Quanto di più americano si potrebbe immaginare, e anche la costruzione dei personaggi e degli ambienti segue questa linea: ecco allora i soldati cazzuti pronti a tutto per proteggere gli innocenti e i loro compagni; ecco la vita cameratesca, fatta di battutacce maschie ma anche onore e fratellanza; ecco il difficile scenario geopolitico, in cui il singolo soldato può finire triturato senza nemmeno accorgersene.
Ovviamente, non essendo un western anni Cinquanta, i protagonisti di Six non sono solo macchine da guerra tutti gloria e niente emozioni. Prima di tutto perché l’ex compagno che vogliono salvare è per l’appunto uno che ha sbagliato, che si è giocato la carriera ufficiale agendo d’impulso.

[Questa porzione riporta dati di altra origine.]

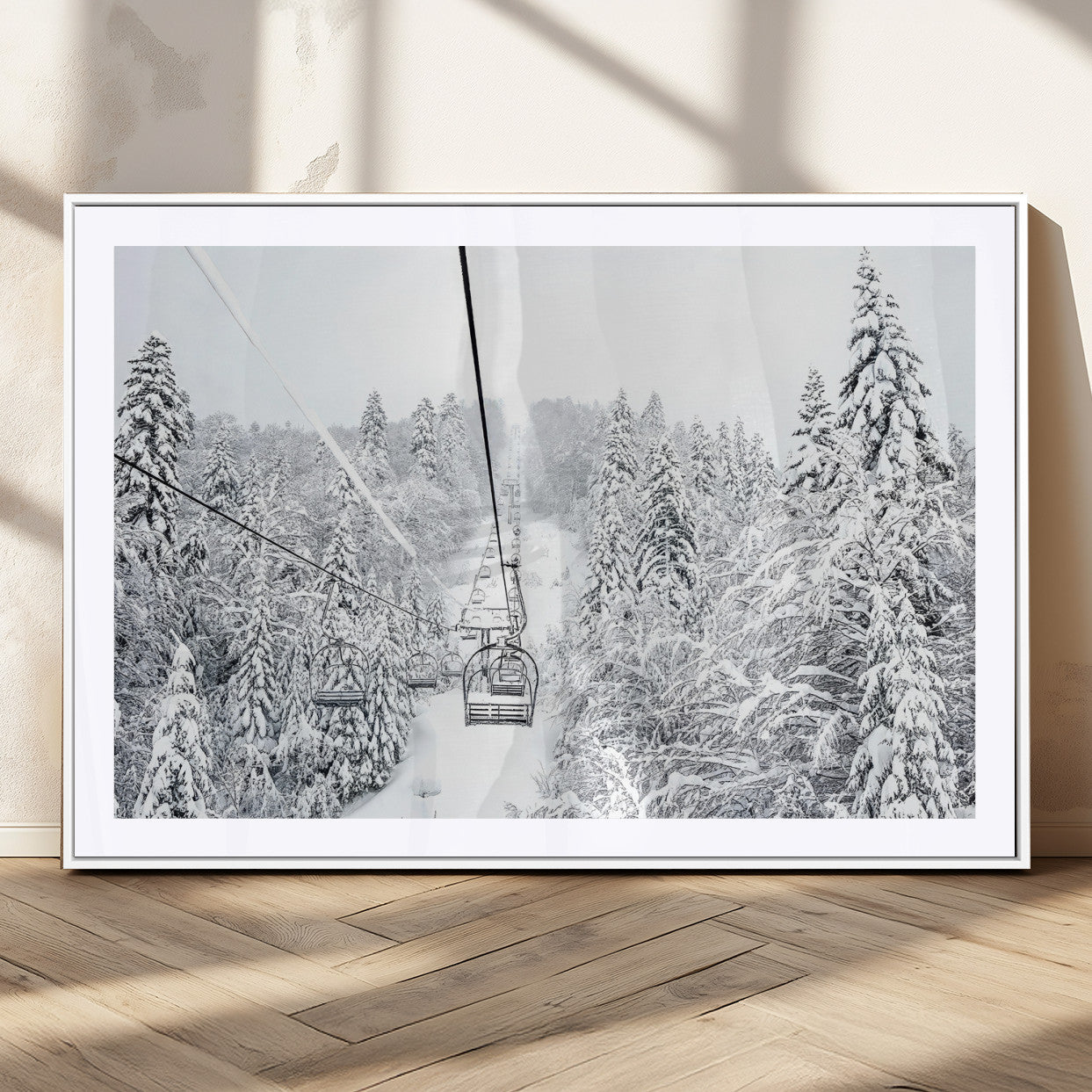 MGC-FP-36x24 - Winter Snow Ski Lift Wall Art Canvas Print Winter Trees Print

E poi perché ognuno dei personaggi ha le sue beghe personali, i suoi affetti a casa, i suoi dubbi, paure e nevrosi.

Six (1)

Di cui però non mi ricordo più nulla.
Esatto, a distanza di neanche una settimana dalla visione sono dovuto andare a riguardare parti di episodio e a leggere trame su interent.
Mi venisse in mente il nome di un protagonista.
Può darsi che quella sera fossi assonnato, non lo escludo affatto, ma può anche darsi che il pilot di Six non sia stato in grado di raccontarmi qualcosa di abbastanza nuovo da interessarmi davvero.

Dopo che la televisione e soprattutto il cinema hanno affrontato le recenti guerre in Afghanistan e Iraq da praticamente ogni punto di vista possibile, per inserirsi in questo flusso in modo convincente sarebbe necessario un guizzo di creatività, una prospettiva almeno parzialmente nuova o una messa in scena davvero riconoscibile. Per ora Six non ce la fa, e al netto di una regia credibile e di una scrittura che va via liscia per tutto il pilot, non si riesce a capire quale sarebbe la sua reale specificità. Probabilmente non c’è, e Six si accontenta di essere niente più che una serie onesta, un meccanismo che funziona e che punta ad attirare più che altro chi è già interessato a quei temi. Il che può pure essere sufficiente per ottenere buoni ascolti (come effettivamente è accaduto), ma non a scatenare l’entusiasmo di Serial Minds.
Non che a loro gliene freghi niente, sia chiaro. Era per dire…

Perché seguire Six: gli appassionati di serie e film di guerra possono trovare un racconto scorrevole e ben progettato.
Perché mollare Six: se manca quell’interesse specifico, Six si rivela una serie fin troppo normale.